Well, the Febreze strategy is also used by management whenever something unpleasant happens and it’s management’s job to put a brave face** on it and make it seem like it’s actually a good thing.

Witness this e-mail that showed up a few weeks ago, shortly after my department’s staff number was cut by 50%. (The 50% no longer in the department were not downsized; they were transferred to another department. They still have jobs, just not working for my boss, even though they’re still paid out of my department’s budget. Funny how that works.)

The changeover is complete. From this point forward, your primary scheduling contact will be Adrianna. I’d still like to know if you’re not going to be here since we’re all still working on the products together, if you don’t mind. Brianna has asked that I continue working directly with you as we all grow our products.

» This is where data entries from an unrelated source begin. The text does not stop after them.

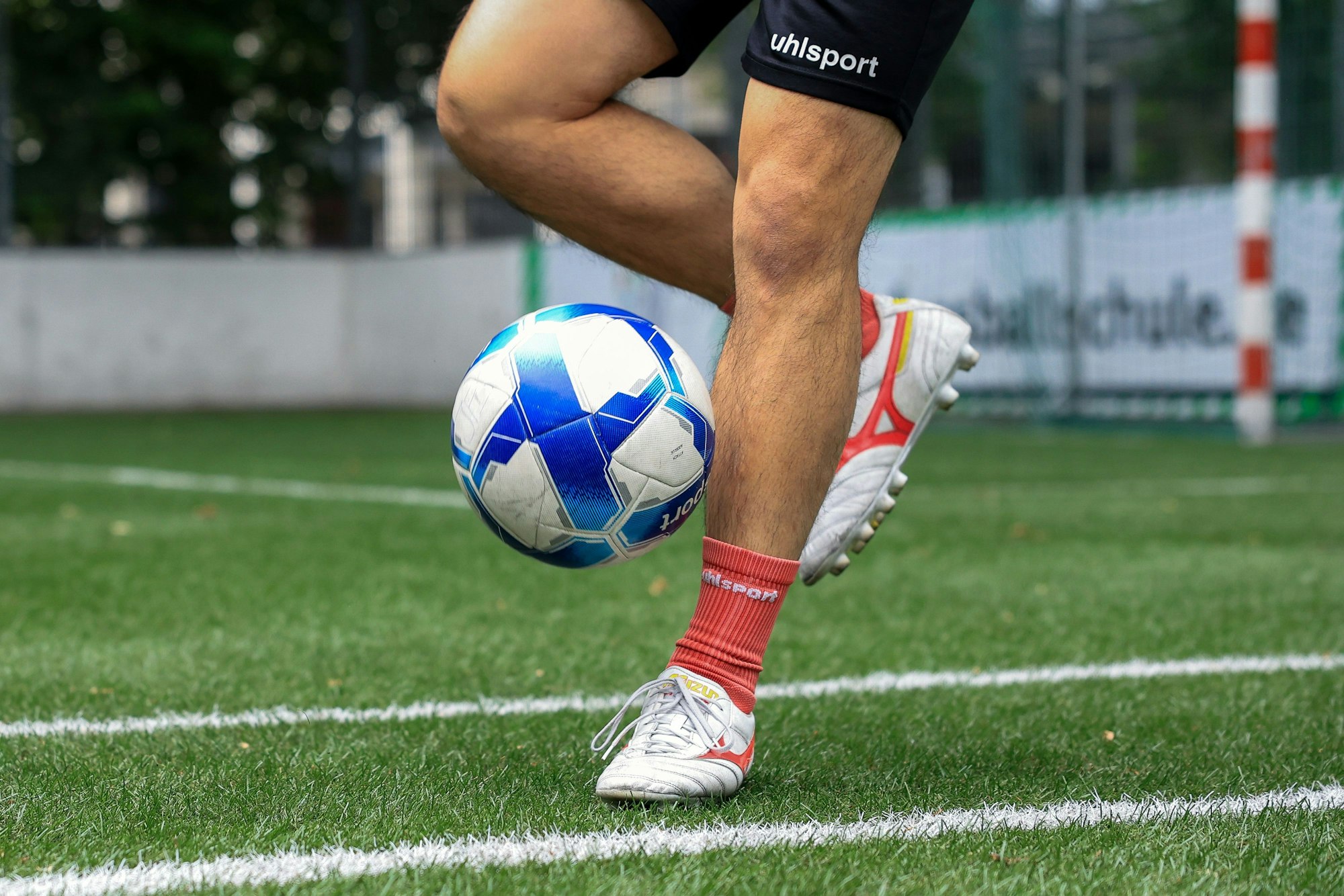 Der Ball ist jetzt in der Luft – eine dynamische Bewegung des Zurückziehens und des auftitschenden Balls bildet sich hier ab.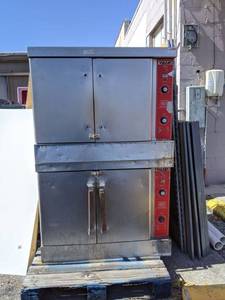 lot 3553 image: Vulcan Gas Oven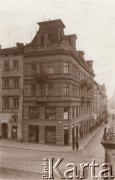 1920-1939, Lwów, Polska.
Kamienica narożna Rynku i ulicy Halickiej.
Fot. NN, zbiory Ośrodka KARTA, udostępnił Jurij Karpenczuk
   
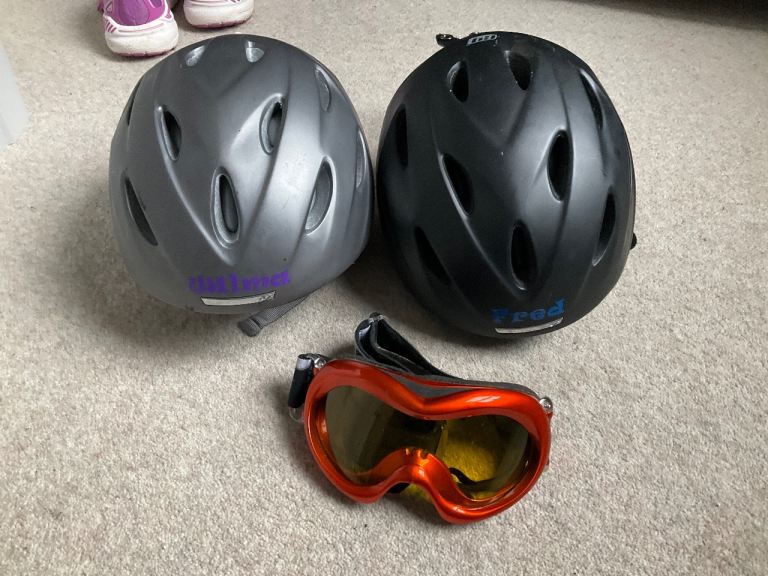 Ski helmets 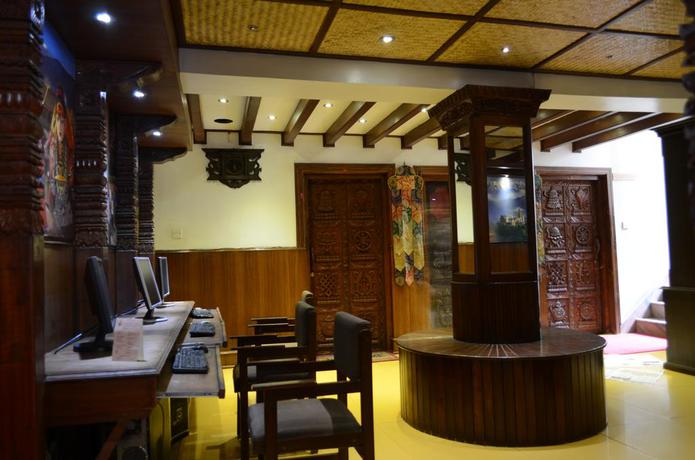 Imagen de los interiores del Hotel Ganesh Himal. Foto 12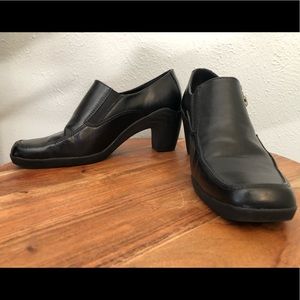 Aerosoles heeled shoe side zip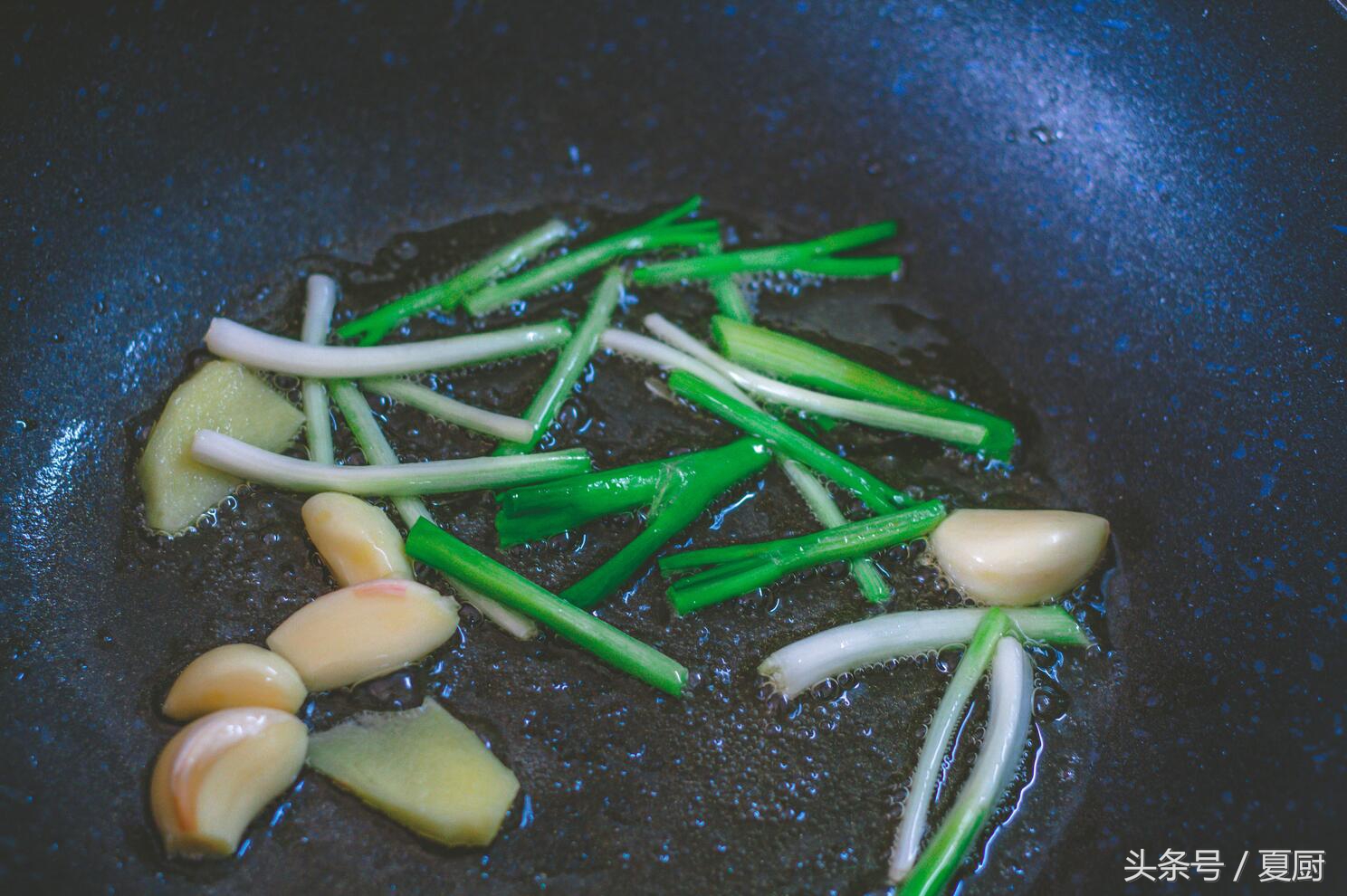 香嫩滑口的黄焖鸡家庭版做法来了,黄焖鸡这样做简单易学鲜香味美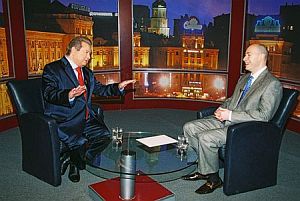 Михаил Поплавский - Дмитрию Гордону: «Мой любимый анекдот. Журналистка «Бульвара» спрашивает: «Михал Михалыч, есть гениальные композиторы, журналисты, спортсмены, а гениальные ректоры существуют?». Он задумался: «Нас так мало...»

And on a personal note, it has been my honor to serve as your leader for the past few years and I hope you enjoyed working on our team just as much as I did. I look forward to continue working with you in this new direction and I wish you both the greatest success.

Let’s address this, paragraph by paragraph.

The Technical Details: Since my boss is still technically paying these employees, he wants to maintain some sort of oversight over what they do. Actually, for the most part, they’re still doing the same thing, just for a new boss. One person, though, is actually rolling out two new products for the new department, one of which has tested extremely well in focus groups. So good for him.

The Brave Face: Perhaps my boss didn’t want to write what he was really thinking…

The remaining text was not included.